When I was speaking of a 'call,' I was speaking of a call in this strict sense. Not wasted words, not shouts to a deaf ear, but actual communication, both spoken and heard, a clean line from one end to the other.

I'm really not saying anything bizarre. You said yourself that we need something that we believe to be an objective communication from God...and you said that Jesus (including his resurrection) is that mode of communication. But if Jesus does not get his message through to some, then he is not a universal mode of communication. And we indeed speak all the time of the Spirit has completing the communication, as bringing the apprehension of Jesus' significance about in the heart of a person.

"I think any independant search by any person to find out about God will result in something positive."

I think so too. But "something positive" does not necessarily mean communion with God.

"It's in our walking where boasting comes about and I am with you on this, we need to not boast about what God has made for us."

Actually, what Barth says in this passage I posted is that it is strictly impossible to boast about having genuine faith, if one understands what genuine faith is. What he's getting at is that what many call faith is not faith at all. It is works. And we can boast all we want about works, though (as you said) we shouldn't.

Jathan

Chris Ledgerwood said...

I am not a big REM fan, but I do love that song. great post.

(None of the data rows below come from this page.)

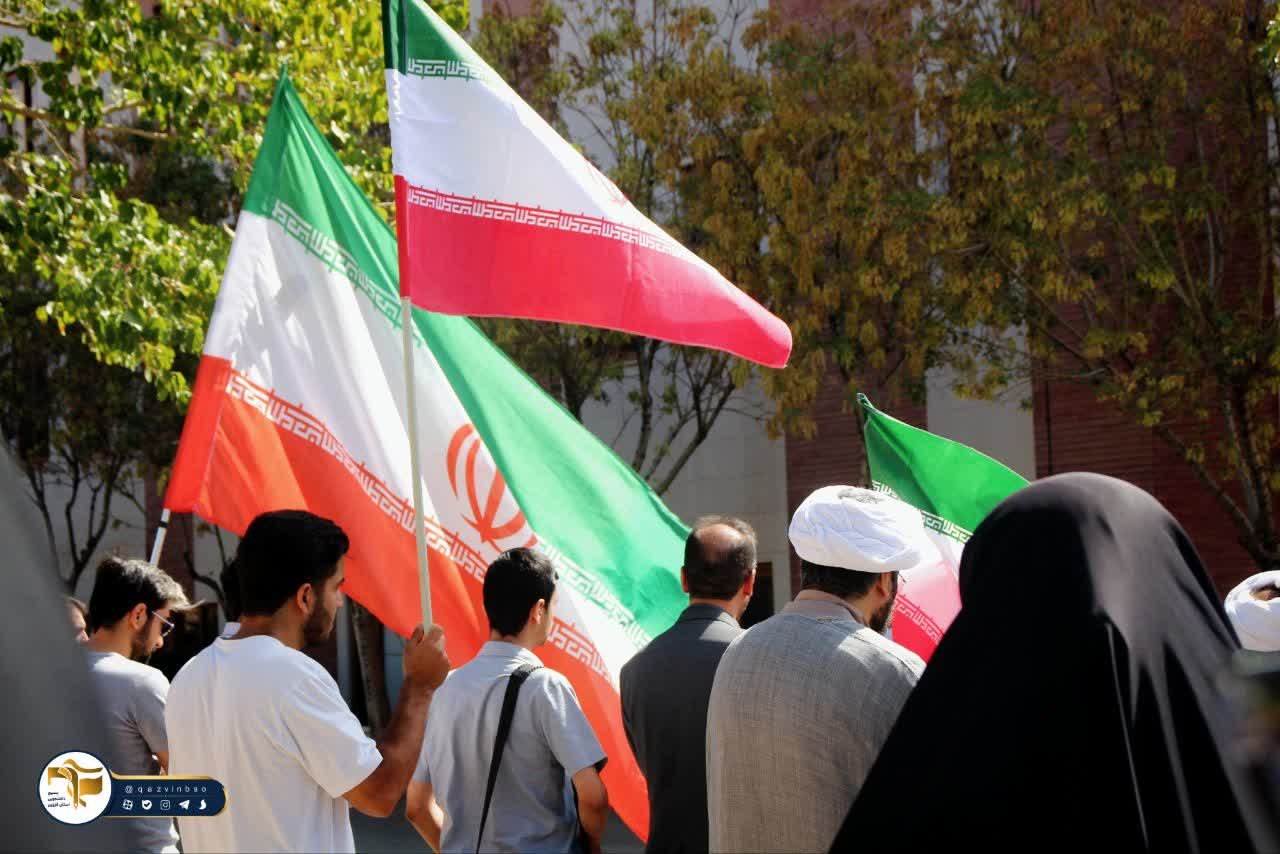 تجمع دانشگاهیان استان قزوین در میدان قلم دانشگاه آزاد اسلامی واحد قزوین - ۲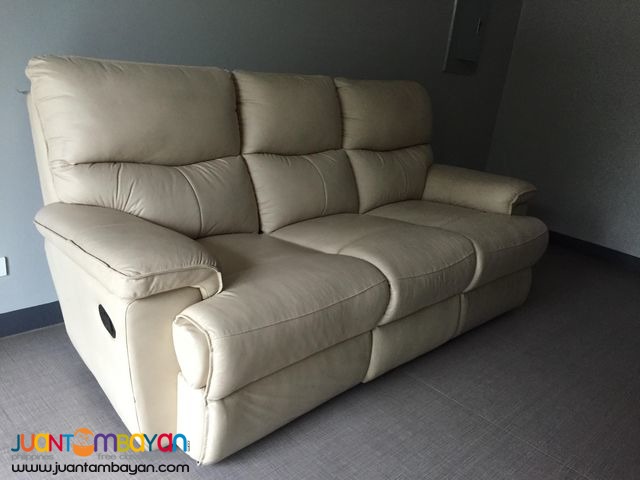 Recliner Couch/Sofa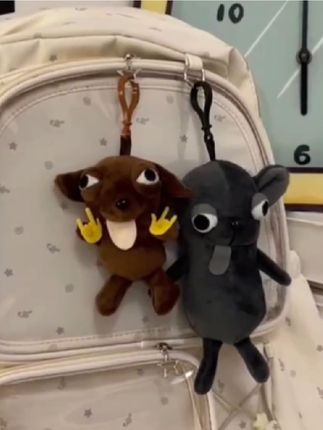 我也会收到这么呆萌搞笑的娃娃吧。#洗袜袜 #毛绒玩具 #呆萌呆萌 #搞怪萌宠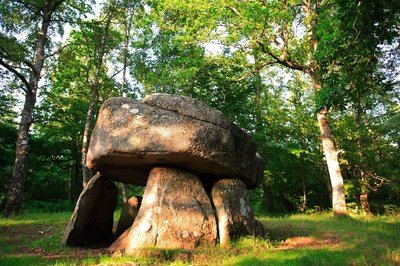 De Dolmen en Donjon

I agree with kevin, keep questioning!

Scott said...

The Dude completely hijacked this post!

SocietyVs said...

yeah me and the dude have been conversing on his site about Barth (simpson is it?) and faith (funny how they both in 'h', sounds like i have a lisph). Anyways so he think he has to post his comments here so I'll see them, which is good to do if I didn't checl him out like every other day...but I like the dude, he's the number soul brother in my books.

SocietyVs said...

In case no one knows, the last post I did (prior to this) comes from an Eminem line from the song 'My name is what...' (so the jokes on all of us as usual).

Soul Food Dude said...

Hey man, my apologies. I won't hijack anymore. But so you know, I typically reply to your comments the same day (but I guess you know that :-)

Jathan

Soul Food Dude said...

Feel free to carry on the conversation on my comments page. Ah! hijacking again! Sorry!